Sin embargo, en una señal de las dificultades por venir, dos legisladores republicanos de gran peso dijeron que discrepaban con cláusulas del proyecto del Senado que allanarían el camino para regularizar la situación de millones de indocumentados en Estados Unidos.
"Hasta tanto aseguremos nuestras fronteras y apliquemos nuestras leyes de inmigración, no creo que debamos hablar de un enfoque más global", dijo el presidente del bloque mayoritario, John Boehner, a la cadena ABC.
Un proyecto considerado una verdadera revolución en las relaciones bipartidistas en un año electoral fracasó la semana pasada debido a las peleas internas en ambos partidos y las maniobras políticas.
Sólo 38 senadores, todos demócratas, votaron a favor.
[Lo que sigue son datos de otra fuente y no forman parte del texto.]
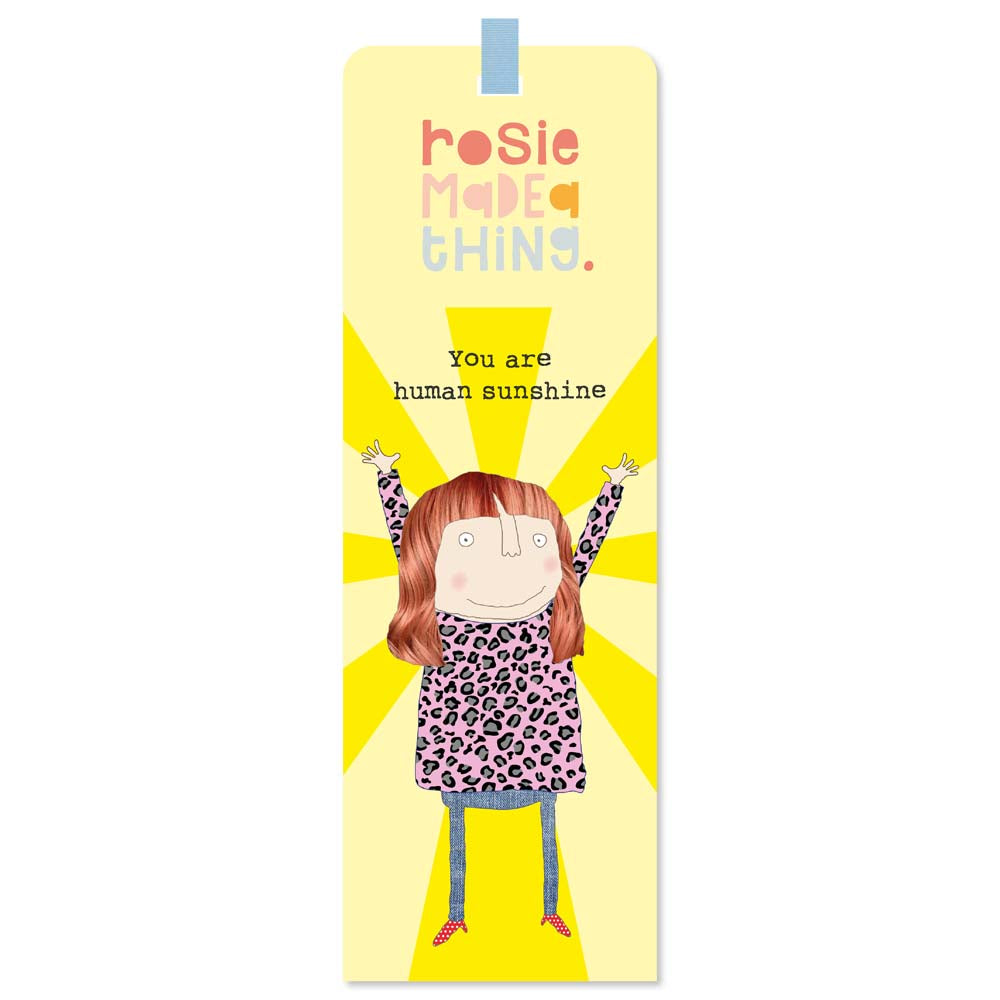 Sunshine Bookmark By RosieMadeAThing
Se necesitaba un mínimo de 60 para aprobar la norma, que quedó en el limbo.
Specter se comprometió a preparar un proyecto para la discusión cuando los legisladores finalicen su receso de primavera.
El presidente George W. Bush, el titular del bloque mayoritario Bill Frist y otros líderes republicanos culparon al senador Harry Reid, el dirigente demócrata, de "aplicar una llave de estrangulación" al Senado al negarse a permitir que se votaran tres enmiendas republicanas.
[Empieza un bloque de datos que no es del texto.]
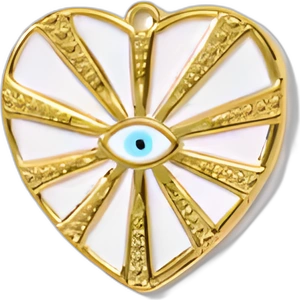 White Eye Heart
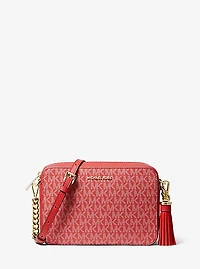 Sac pour appareil photo Jet Set de taille moyenne à logo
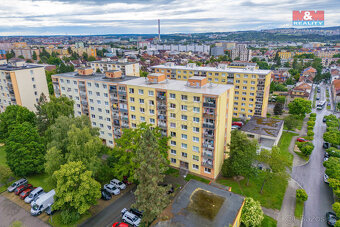 Pronájem bytu 1+kk, 20 m², Plzeň, ul. Popelnicová - 11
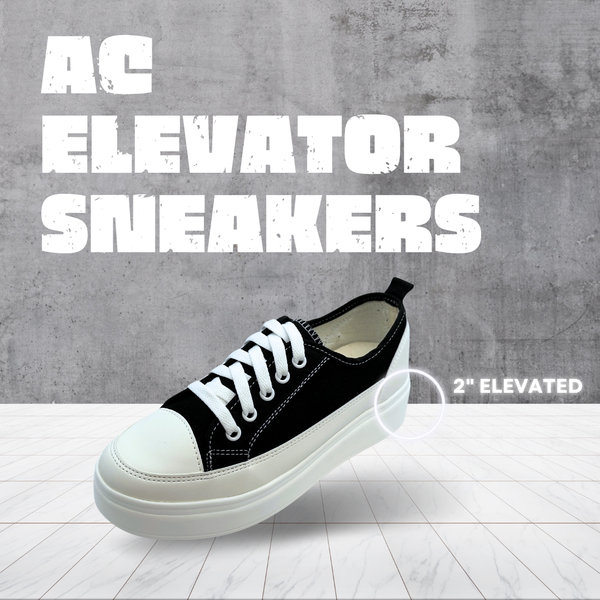 AC Casual Elevated Sneakers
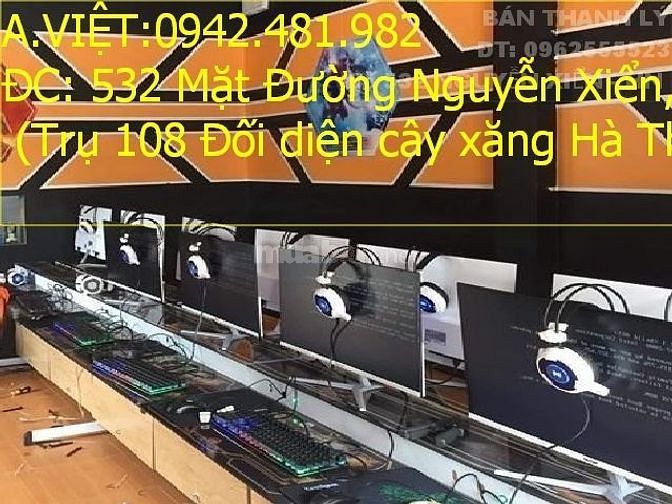 Thanh lý dàn nét 30 Máy. H310 G5400 R8Gb Màn 24" Led RX470 - 4Gb 58988231 Thanh lý dàn nét 30 Máy. H310 G5400 R8Gb Màn 24" Led RX470 - 4Gb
El senador John Cornyn y otros adversarios de la medida expresaron su frustración por no poder ganar votos para las propuestas de reforzar la represión o dejar intactas las leyes sobre inmigración hasta que se haya asegurado la frontera.
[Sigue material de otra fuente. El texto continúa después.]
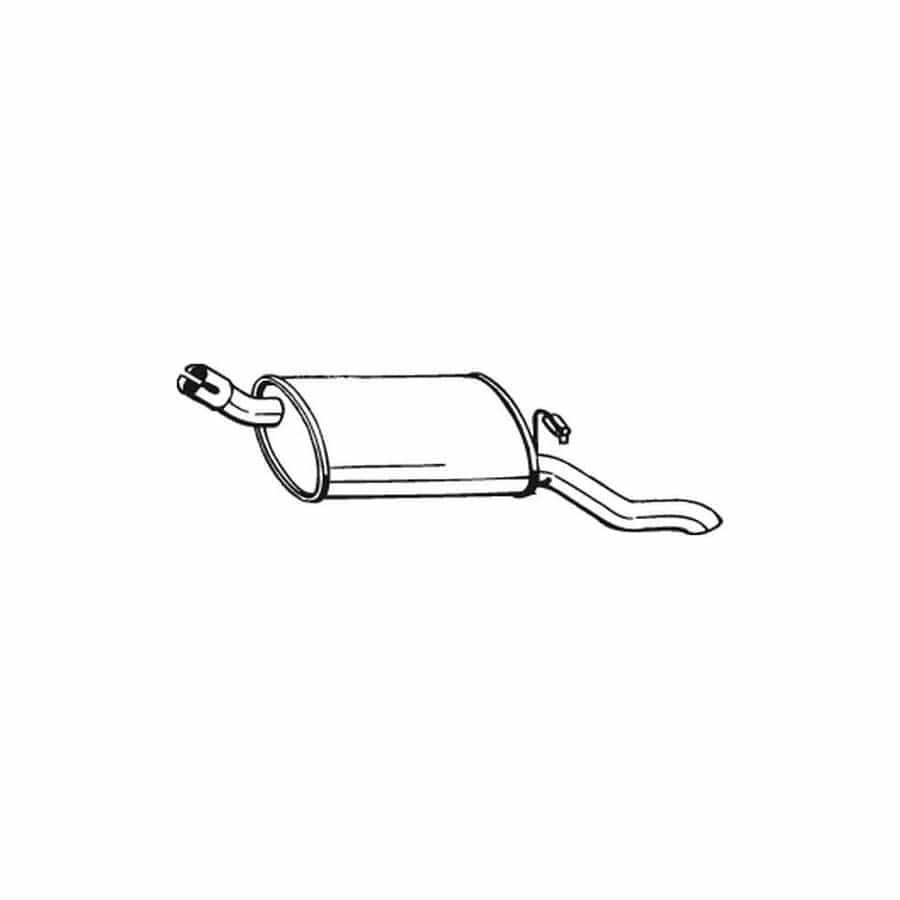 Bosal 185-965 Rear Silencer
Sin embargo, el senador demócrata John Kerry señaló que la mayoría de los senadores habían alcanzado un acuerdo en torno a la ley de inmigración y por práctica común del Senado, habían acordado no tomar en consideración ajustes externos que habrían cambiado la iniciativa.
"El senador Frist y los republicanos no pudieron cumplir con su parte del acuerdo", señaló Kerry en el programa de televisión "Meet the Press", de la cadena NBC.
El legislador culpó a los "propios pleitos internos" de los republicanos en el Senado para no aprobar la ley de inmigración.
Por su parte, el representante demócrata por California, Xavier Becerra, señaló que "me encuentro frustrado pero guardo optimismo porque sí llegamos a tener las bases de un acuerdo decente", en declaraciones al programa "Face the Nation", de la cadena CBS.
"Es una iniciativa republicana y debería de haber contado con los suficientes votos si se le hubiera permitido una votación abierta, y sin las presiones de la ultraderecha de responsabilizar a sus compañeros de partido y responsabilizarlos por ello", agregó.
La norma preveía reforzar la seguridad en la frontera, regulaba el ingreso futuro de trabajadores extranjeros y creaba un conjunto de reglamentaciones para regularizar la situación de los 11 millones de inmigrantes ilegales que se encuentran en el país.
"Creo que cuando volvamos del receso tendremos un proyecto de ley", dijo Specter por la televisora Fox.
Frist se ha negado a comprometerse a presentar un nuevo proyecto este año debido a la abundancia de proyectos pendientes.
Pero Specter dijo el domingo que "todos coinciden en que hay un problema enorme. Hay acuerdo general en que debemos elaborar un acuerdo".
El representante Peter King, presidente de la Comisión de Seguridad Interior de la cámara baja, dijo que no aceptaba regularizar la situación de los inmigrantes ilegales que ya se encuentran en el país. Dijo que el plan del Senado era "una burocracia de sellos de goma" que recompensa a los violadores de la ley.